We used standard US equipment with linear high resolution probes, 10-17 MHz. Fine needle aspiration biopsy (FNAB) was performed by a „free hand“ technique, using a thin needle of 22 G and a syringe of 20 ml. Parathormone in aspirated material was determined with IRMA (Beckman Coulter Inc.). Standard methods were used to determine Ca, P and PTH in serum.
In 15 patients a typical cystic form was echographically found. With FNAB, a clear, watery liquid, was obtained (few drops to 135 ml), and PTH in aspirate was elevated (2-72 pmo/l).

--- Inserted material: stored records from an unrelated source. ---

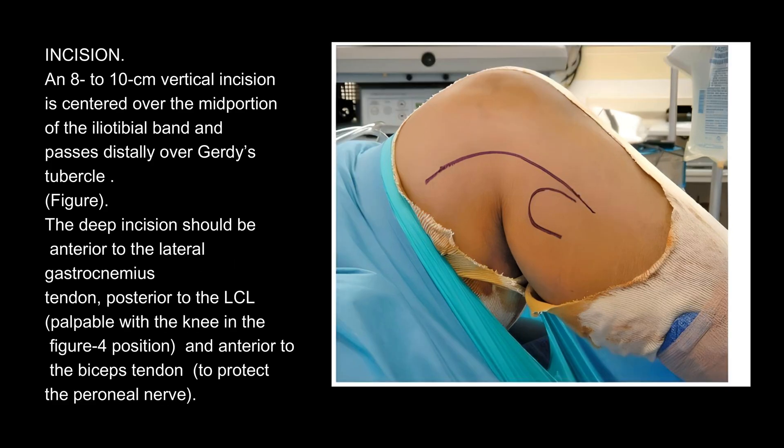Incision: an 8 to 10 cm vertical incision is centered over the mid-portion of the iliotibial band and passes distally over Gerdy's tubercle.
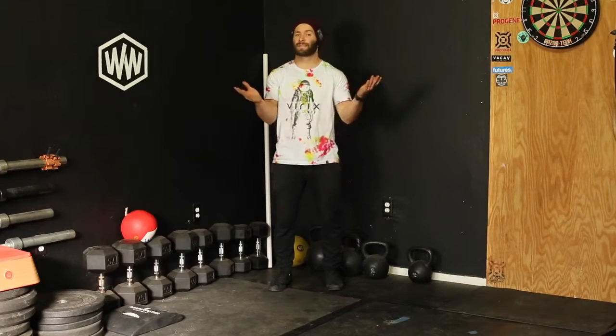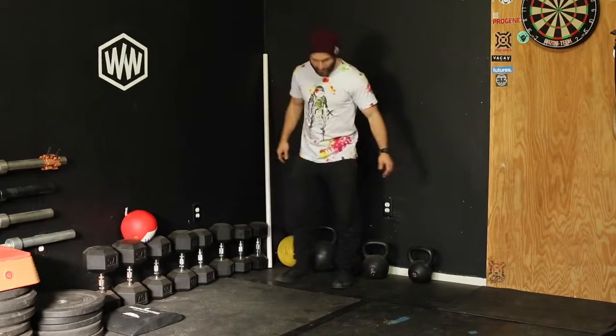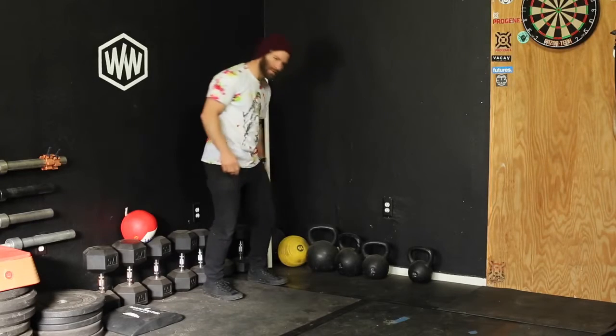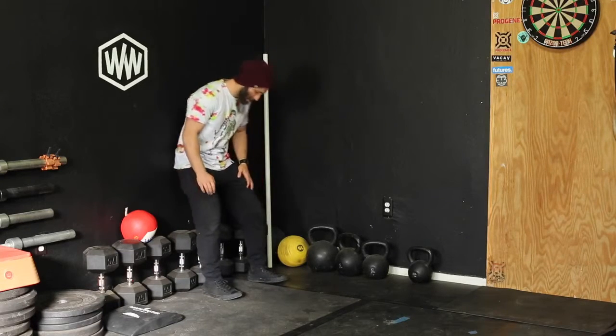This is a wall squat — kind of a classic wall squat, but not facing the wall. It's going to be away from the wall. Build like, what is it called? Paleo chair, whatever it is.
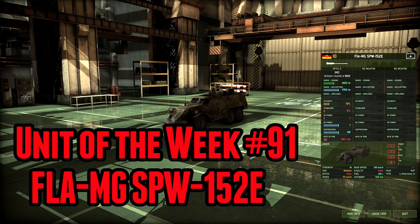Hello and welcome to the Wrangru's Unit of the Week, and today we are taking a look at the FLA-MG-SPW-152E for the East Germans.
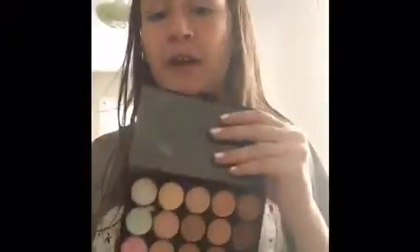Now that I'm done with my bronzer, I am going to do my highlight because I have so much highlight. So I'm going to start off with a cream highlighter — cream highlighter from the same contour highlight concealer palette. I'm not really sure what it's called; I just call it my concealer palette.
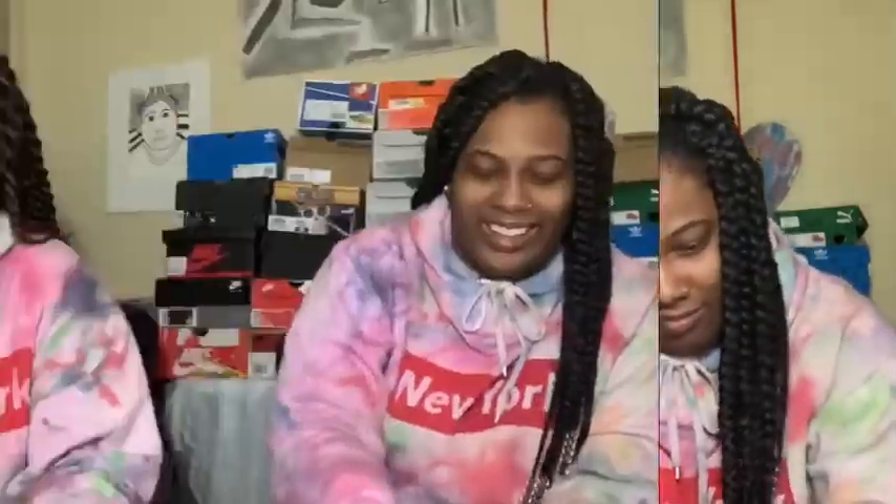We copped these at the Coliseum in New York. We tried washing them in the washing machine and messed them up. We need these again — these are done but we're not throwing them away. Next we're doing Skechers.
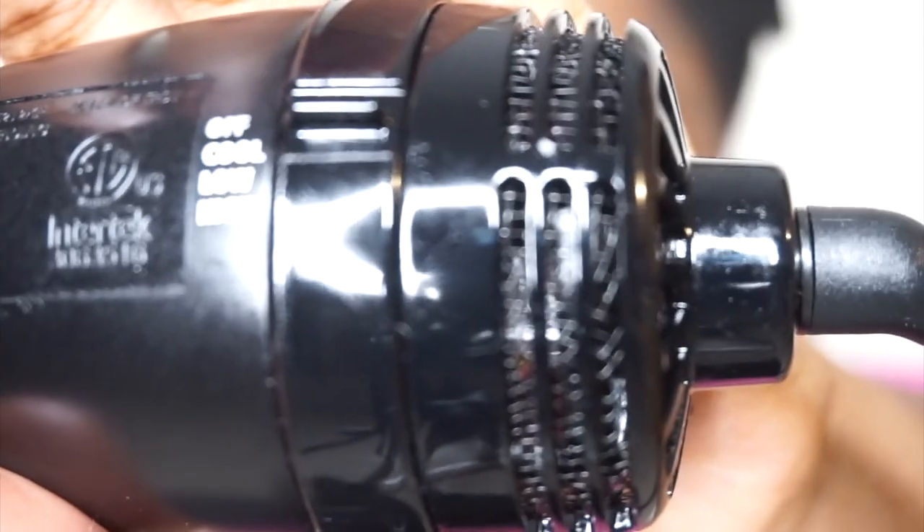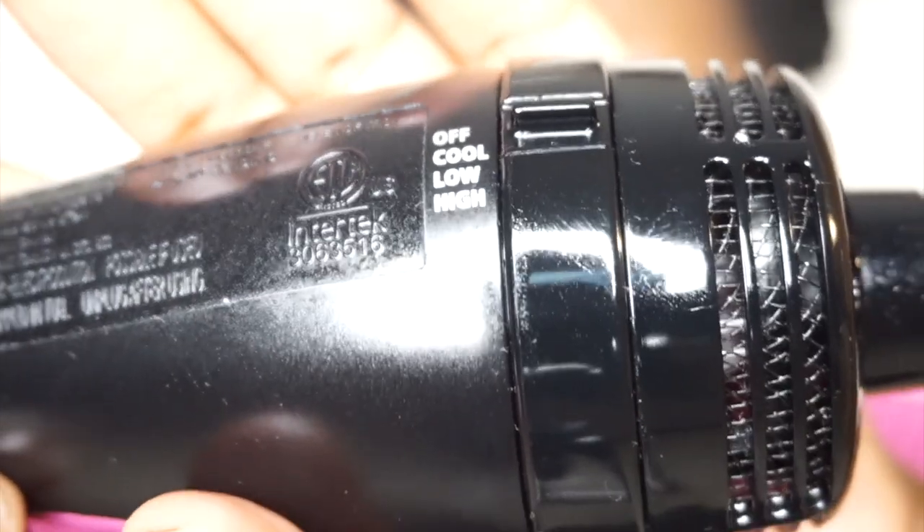I'm loving it on my hair. I'm so scared of heat damage. This is actually my first time blowing out my hair, so excuse me if I'm a little nervous. They have Off, Cool, Low, and High settings. I'm a little nervous, so I'm going to start off with Cool. I don't think I need to prepare it to be on high.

In 16 patients hypoehogenic forms were found behind the thyroid without internal vascularization. With FNAB thick yellow or reddish content, like colloid, was obtained (few drops to 3 ml). PTH in aspirate was elevated in 9 patients (2 - >150 pmol/l), and in 7 patients PTH was low (0,2,-06 pmol/l), but cytologically parathyroid cells, including in colloid, were found.
In 7 patients, cystic – solid forms were found with or without internal vascularization. With FNAB, and cytological analysis of smears, 2 parathyroid adenoma were confirmed. Parathyroid cells with cystic degeneration were found in 3 aspirates, and in 2 aspirates cells of peripheral blood were found. PTH was enormously elevated in all cases (43.7- >150 pmol/l).
Ultrasound in combination with FNAB and PTH determination are the methods of choice for detecting parathyroid cysts.